Nest, a Google-owned company that manufactures internet-connected home devices, cautioned users Wednesday against joining the growing list of customers to have their “smart” products hacked due to exercising poor security practices.
Owners of Nest products including the company’s popular home security cameras received the warning in an email sent by the company, following a rash of recent incidents in which customers complained of being harassed and tormented as a result of compromised devices.

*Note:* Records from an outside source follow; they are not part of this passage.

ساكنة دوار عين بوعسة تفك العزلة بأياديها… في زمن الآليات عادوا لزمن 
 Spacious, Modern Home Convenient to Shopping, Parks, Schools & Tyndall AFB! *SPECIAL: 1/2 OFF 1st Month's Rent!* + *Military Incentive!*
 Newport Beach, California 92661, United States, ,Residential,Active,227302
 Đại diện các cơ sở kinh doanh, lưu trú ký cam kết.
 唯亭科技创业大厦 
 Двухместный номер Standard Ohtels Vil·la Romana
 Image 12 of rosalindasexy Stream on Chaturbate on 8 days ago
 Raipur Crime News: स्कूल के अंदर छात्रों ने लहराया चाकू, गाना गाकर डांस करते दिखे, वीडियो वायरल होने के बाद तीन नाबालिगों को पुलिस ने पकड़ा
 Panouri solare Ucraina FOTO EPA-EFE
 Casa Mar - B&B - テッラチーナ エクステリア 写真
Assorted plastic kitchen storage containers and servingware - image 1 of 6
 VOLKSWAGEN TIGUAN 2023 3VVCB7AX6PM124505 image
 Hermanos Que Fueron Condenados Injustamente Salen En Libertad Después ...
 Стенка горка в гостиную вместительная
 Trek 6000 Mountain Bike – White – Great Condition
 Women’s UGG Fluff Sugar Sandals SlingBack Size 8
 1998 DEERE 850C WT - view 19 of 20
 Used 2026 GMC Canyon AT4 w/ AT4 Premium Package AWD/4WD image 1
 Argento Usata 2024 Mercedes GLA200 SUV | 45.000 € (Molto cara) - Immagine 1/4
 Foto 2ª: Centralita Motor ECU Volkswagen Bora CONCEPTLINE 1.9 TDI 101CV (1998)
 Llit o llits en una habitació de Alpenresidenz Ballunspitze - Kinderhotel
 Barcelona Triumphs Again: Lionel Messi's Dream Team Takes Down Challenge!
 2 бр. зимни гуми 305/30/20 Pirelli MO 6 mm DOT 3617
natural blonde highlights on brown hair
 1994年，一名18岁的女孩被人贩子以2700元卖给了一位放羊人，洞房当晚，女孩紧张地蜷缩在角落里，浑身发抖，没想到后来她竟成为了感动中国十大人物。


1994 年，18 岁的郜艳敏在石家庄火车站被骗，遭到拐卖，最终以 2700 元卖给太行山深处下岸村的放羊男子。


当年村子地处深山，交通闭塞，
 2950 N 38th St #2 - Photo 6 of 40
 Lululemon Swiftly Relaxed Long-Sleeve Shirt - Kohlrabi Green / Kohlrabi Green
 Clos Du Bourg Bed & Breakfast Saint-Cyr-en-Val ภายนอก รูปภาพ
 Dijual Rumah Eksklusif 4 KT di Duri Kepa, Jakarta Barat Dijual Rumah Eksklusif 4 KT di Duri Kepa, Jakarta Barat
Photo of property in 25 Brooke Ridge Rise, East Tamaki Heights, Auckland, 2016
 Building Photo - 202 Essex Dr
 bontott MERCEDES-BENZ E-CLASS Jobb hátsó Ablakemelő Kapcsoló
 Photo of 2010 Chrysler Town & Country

“We’re reaching out to assure you that Nest security has not been breached or compromised,” wrote Rishi Chandra, Nest’s general manager. “For context, even though Nest was not breached, customers may be vulnerable because their email addresses and passwords are freely available on the internet.
“If a website is compromised, it’s possible for someone to gain access to user email addresses and passwords, and from there, gain access to any accounts that use the same login credentials,” Mr. Chandra said. “For example, if you use your Nest password for a shopping site account and the site is breached, your login information could end up in the wrong hands. From there, people with access to your credentials can cause the kind of issues we’ve seen recently.”
Nest users can prevent being hacked by practicing security measures such as using strong, unique passwords to secure their accounts, enabling two-step verification and ensuring their routers are running updated software, Mr. Chandra wrote.
“We take protecting our users’ security very seriously. For added password security, the team looks across the internet to identify breaches and when compromised accounts are found, we alert you and temporarily disable access. We also prevent the use of passwords that appear on known compromised lists,” he added.
“While we can’t stop password breaches across the internet, we’re committed to limiting the impact of compromised credentials on Nest Accounts.”
Nest’s warning came on the heels of several reports involving customers who recalled having their homes digitally invaded by hackers who managed to commandeer their internet-connected cameras by leveraging previously compromised log-in credentials — a tactic colloquially known as “credential stuffing.”
In Chicago, local news outlets reported last month about a family that said their Nest cameras and thermostat were hacked by someone who used them to broadcast racial slurs and remotely adjust the home’s temperature, respectively.
“I couldn’t believe that these devices that I had put up in my home to watch over it, my family, were now being used against me,” Arjun Sud told the local NBC affiliate.
San Jose’s Mercury News similarly reported days earlier about a California woman who said she was subjected to “five minutes of sheer terror” as a result of a similar prank in which a hacker used her home Nest camera to remotely broadcast a bogus message about a purposed intercontinental ballistic missile attack coming from North Korea.
“It warned that the United States had retaliated against Pyongyang and that people in the affected areas had three hours to evacuate,” said Laura Lyons. “It sounded completely legit, and it was loud and got our attention right off the bat.”
Launched in 2010 by a former Apple engineer, Nest was acquired by Google in 2014 for $3.2 billion. It was subsequently operated as a subsidiary of Alphabet Inc., Google’s parent company, prior to merging with Google’s home devices team in 2018.
Nest products, including cameras, thermostats, doorbells and smoke and carbon monoxide alarms, among other devices, were sold in 21 products as of 2018, according to the company.